◆ Goal of the exercise: If a line in the entries includes "best", show that line.

********************

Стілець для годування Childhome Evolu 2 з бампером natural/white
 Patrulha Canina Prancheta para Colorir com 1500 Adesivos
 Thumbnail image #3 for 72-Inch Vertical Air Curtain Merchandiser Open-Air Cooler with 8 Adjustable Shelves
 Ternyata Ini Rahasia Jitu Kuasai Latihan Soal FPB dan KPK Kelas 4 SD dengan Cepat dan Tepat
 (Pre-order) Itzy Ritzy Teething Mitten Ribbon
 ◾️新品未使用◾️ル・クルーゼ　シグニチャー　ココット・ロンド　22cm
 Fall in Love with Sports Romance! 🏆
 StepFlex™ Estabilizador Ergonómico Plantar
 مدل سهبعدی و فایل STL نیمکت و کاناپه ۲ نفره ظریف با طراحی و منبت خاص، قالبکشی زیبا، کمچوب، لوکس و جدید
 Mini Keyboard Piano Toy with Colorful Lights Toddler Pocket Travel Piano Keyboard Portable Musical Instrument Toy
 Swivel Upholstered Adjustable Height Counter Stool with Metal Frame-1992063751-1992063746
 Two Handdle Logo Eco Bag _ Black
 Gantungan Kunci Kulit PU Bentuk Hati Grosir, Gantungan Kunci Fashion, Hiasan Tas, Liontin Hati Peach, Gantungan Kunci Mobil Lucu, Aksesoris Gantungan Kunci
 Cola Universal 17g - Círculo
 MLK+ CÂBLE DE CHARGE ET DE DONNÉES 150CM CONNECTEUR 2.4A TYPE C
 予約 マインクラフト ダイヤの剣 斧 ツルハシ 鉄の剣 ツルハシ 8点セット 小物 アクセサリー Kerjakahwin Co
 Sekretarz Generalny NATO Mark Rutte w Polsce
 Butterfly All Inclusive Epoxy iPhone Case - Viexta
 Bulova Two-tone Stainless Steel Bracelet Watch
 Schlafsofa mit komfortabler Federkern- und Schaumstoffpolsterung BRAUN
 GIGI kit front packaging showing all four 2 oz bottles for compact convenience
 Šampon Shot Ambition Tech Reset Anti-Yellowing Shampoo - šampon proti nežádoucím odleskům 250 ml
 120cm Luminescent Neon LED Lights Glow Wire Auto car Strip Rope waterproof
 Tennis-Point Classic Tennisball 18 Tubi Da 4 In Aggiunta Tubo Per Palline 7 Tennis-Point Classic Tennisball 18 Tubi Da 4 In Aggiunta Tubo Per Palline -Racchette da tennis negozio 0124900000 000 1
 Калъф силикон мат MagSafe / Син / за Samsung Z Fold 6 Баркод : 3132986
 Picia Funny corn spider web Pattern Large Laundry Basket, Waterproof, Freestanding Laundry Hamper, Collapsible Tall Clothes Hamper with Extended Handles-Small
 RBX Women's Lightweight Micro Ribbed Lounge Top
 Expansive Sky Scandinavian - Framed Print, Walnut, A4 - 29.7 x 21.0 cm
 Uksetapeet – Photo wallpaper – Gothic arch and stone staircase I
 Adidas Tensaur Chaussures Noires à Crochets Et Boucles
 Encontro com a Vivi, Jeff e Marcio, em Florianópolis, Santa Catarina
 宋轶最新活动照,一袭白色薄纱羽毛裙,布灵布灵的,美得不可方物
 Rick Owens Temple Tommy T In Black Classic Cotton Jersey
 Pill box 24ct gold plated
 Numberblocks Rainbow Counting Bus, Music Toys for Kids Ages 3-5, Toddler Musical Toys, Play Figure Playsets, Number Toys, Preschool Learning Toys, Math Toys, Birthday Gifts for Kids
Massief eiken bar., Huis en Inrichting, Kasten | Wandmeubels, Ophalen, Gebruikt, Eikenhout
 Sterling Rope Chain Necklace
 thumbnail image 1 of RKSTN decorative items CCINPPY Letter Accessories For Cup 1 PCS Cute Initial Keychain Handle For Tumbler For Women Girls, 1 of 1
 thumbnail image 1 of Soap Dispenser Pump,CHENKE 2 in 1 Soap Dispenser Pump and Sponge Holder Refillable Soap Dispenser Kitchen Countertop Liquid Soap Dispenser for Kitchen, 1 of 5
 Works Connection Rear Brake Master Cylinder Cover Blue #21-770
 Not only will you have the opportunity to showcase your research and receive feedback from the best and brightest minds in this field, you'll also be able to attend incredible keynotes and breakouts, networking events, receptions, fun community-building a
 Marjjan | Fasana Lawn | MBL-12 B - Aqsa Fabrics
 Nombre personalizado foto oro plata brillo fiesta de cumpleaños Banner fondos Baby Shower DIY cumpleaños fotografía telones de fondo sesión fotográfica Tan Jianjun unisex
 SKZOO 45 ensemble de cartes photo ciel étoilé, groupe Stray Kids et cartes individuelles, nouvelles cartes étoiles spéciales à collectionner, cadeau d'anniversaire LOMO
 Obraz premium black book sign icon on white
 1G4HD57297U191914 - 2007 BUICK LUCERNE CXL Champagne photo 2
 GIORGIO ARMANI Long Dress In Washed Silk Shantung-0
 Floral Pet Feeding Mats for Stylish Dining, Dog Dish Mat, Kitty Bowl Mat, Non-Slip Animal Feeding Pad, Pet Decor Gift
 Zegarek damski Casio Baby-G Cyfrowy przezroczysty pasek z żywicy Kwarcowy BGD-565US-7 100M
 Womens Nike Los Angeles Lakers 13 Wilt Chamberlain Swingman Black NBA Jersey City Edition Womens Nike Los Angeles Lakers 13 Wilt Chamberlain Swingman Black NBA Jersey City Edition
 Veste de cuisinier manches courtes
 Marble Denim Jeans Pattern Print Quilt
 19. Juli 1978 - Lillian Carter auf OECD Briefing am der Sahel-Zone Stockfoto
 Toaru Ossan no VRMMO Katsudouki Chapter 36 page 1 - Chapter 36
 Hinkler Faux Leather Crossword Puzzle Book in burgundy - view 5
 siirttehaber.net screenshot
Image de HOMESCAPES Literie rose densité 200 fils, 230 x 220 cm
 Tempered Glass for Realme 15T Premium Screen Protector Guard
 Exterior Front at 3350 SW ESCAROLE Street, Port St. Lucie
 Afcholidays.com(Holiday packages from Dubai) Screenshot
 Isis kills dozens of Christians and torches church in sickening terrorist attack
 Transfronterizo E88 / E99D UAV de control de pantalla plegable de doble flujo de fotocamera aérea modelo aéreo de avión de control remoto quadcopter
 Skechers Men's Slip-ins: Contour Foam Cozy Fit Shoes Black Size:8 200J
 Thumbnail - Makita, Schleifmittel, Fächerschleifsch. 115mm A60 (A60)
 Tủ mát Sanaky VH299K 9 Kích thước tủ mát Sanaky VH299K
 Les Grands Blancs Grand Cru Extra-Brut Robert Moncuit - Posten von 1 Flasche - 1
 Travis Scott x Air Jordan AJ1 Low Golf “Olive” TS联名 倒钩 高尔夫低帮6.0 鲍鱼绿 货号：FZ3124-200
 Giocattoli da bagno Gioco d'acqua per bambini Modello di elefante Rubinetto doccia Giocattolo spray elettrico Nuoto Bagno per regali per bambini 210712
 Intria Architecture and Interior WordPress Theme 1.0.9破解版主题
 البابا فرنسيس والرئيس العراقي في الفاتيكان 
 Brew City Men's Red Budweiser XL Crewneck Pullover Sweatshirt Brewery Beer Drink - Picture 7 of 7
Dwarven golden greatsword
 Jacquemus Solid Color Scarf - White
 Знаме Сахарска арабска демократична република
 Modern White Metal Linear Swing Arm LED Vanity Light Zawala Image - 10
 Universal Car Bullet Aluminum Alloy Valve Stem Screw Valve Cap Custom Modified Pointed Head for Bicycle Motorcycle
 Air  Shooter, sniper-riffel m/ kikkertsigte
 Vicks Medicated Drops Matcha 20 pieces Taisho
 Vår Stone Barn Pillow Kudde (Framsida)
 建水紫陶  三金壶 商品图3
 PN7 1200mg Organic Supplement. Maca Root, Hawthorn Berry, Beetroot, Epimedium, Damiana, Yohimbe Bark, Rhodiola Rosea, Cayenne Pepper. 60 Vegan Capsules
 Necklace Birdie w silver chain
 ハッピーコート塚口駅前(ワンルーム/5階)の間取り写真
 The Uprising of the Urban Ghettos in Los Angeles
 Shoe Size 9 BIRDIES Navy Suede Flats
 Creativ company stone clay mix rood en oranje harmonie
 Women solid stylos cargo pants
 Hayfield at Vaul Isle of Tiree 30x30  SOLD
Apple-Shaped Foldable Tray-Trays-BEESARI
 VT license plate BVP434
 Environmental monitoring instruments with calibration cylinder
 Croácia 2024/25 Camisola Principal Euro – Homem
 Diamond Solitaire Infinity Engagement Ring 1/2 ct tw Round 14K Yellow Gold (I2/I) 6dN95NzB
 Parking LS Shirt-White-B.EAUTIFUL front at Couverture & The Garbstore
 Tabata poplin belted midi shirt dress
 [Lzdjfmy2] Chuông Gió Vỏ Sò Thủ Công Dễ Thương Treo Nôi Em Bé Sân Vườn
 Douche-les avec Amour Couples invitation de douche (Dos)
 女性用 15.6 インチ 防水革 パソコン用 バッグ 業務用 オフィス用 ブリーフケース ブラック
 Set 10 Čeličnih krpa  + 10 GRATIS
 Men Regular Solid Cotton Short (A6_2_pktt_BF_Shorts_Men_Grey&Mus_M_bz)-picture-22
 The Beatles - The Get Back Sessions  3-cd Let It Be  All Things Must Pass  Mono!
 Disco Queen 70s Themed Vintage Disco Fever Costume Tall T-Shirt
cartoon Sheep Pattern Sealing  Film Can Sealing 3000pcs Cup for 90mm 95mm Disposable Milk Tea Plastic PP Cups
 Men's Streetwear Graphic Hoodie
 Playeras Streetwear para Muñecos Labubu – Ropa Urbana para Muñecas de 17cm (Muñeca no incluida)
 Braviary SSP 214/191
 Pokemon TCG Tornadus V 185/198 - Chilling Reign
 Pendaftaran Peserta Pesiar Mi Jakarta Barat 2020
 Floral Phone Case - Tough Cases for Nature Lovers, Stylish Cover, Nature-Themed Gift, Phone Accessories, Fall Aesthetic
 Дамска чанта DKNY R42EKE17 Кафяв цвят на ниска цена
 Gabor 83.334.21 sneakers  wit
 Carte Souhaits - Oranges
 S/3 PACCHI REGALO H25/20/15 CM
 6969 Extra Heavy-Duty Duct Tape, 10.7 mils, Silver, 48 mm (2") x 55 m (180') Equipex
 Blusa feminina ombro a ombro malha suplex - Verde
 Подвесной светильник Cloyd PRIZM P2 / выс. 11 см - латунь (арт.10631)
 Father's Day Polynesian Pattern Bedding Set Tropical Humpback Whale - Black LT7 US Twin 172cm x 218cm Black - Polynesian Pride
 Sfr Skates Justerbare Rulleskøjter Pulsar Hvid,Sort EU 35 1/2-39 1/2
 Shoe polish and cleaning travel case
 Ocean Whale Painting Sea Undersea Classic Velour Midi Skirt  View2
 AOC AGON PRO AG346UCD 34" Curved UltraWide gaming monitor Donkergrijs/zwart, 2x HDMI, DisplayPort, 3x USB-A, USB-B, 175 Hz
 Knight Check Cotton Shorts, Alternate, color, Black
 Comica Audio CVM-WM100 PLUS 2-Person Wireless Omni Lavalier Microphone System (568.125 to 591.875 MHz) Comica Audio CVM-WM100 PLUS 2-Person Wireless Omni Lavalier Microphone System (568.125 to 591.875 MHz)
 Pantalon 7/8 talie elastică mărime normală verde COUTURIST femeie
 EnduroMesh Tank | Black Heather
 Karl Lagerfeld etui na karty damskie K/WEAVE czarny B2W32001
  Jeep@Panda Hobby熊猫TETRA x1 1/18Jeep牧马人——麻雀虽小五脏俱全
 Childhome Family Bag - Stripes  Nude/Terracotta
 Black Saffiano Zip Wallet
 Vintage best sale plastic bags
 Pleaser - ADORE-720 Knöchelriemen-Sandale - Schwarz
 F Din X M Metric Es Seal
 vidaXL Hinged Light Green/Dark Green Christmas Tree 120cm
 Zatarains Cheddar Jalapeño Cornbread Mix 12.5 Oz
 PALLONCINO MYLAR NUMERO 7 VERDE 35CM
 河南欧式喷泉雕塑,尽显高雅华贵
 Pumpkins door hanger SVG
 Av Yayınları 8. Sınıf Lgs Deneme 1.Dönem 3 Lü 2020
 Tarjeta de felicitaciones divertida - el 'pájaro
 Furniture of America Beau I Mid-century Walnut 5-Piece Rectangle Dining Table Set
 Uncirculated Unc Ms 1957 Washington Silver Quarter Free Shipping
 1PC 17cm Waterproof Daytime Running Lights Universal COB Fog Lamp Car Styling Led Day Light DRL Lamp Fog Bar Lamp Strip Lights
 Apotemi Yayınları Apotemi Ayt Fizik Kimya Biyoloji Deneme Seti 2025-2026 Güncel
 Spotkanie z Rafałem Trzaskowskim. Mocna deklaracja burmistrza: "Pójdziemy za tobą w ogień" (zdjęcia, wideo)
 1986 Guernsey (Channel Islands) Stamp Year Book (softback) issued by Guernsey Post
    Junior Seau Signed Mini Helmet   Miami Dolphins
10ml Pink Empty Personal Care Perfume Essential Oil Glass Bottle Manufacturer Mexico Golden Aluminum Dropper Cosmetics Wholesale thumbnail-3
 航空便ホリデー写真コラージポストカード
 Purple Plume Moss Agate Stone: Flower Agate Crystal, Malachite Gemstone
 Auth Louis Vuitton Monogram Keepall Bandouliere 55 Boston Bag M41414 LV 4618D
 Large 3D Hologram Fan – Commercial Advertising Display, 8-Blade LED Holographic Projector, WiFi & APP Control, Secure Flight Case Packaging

********************

◆ Solution for this task:
 Not only will you have the opportunity to showcase your research and receive feedback from the best and brightest minds in this field, you'll also be able to attend incredible keynotes and breakouts, networking events, receptions, fun community-building a
 Vintage best sale plastic bags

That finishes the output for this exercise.